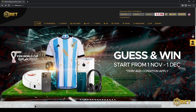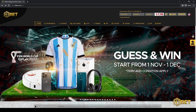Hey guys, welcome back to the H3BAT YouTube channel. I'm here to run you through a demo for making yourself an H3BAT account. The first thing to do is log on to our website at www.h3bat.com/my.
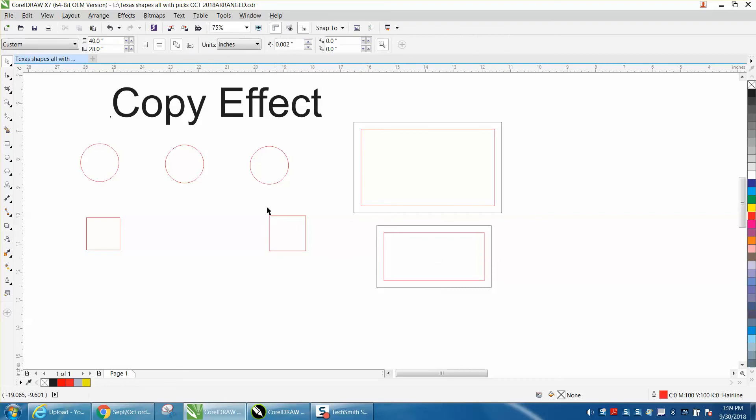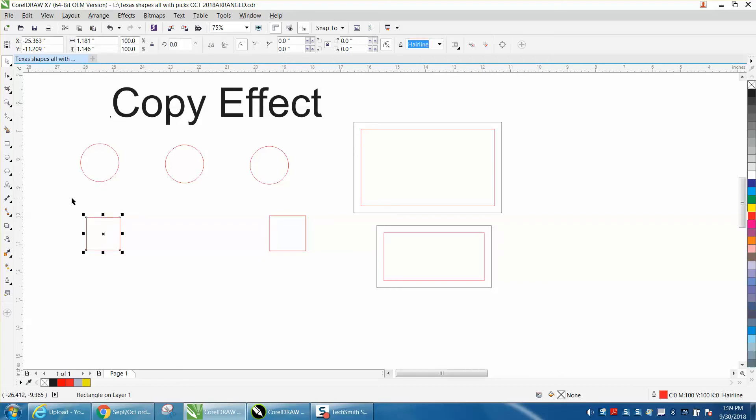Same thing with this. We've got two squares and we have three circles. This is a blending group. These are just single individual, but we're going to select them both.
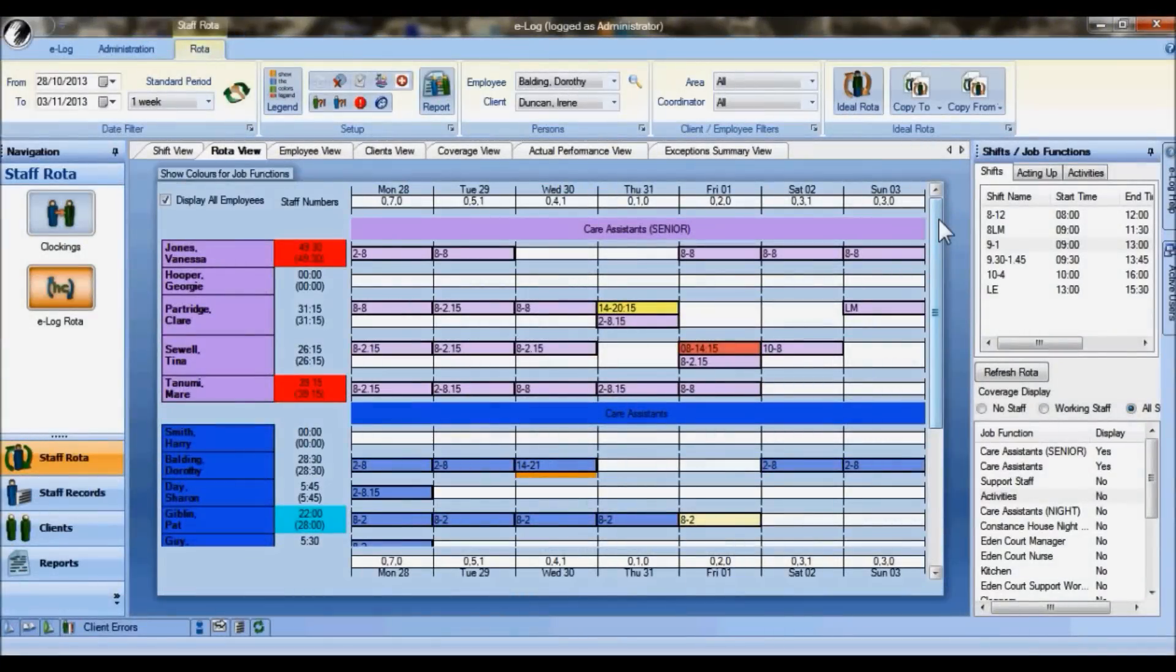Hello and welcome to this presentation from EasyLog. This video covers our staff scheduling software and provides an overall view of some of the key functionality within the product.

• [Required action] Your answer should contain all the material above, written out exactly, and none of the pictures.

• [Written reply]
Hey guys, welcome back to the H3BAT YouTube channel. I'm here to run you through a demo for making yourself an H3BAT account. The first thing to do is log on to our website at www.h3bat.com/my.
Same thing with this. We've got two squares and we have three circles. This is a blending group. These are just single individual, but we're going to select them both.
Hello and welcome to this presentation from EasyLog. This video covers our staff scheduling software and provides an overall view of some of the key functionality within the product.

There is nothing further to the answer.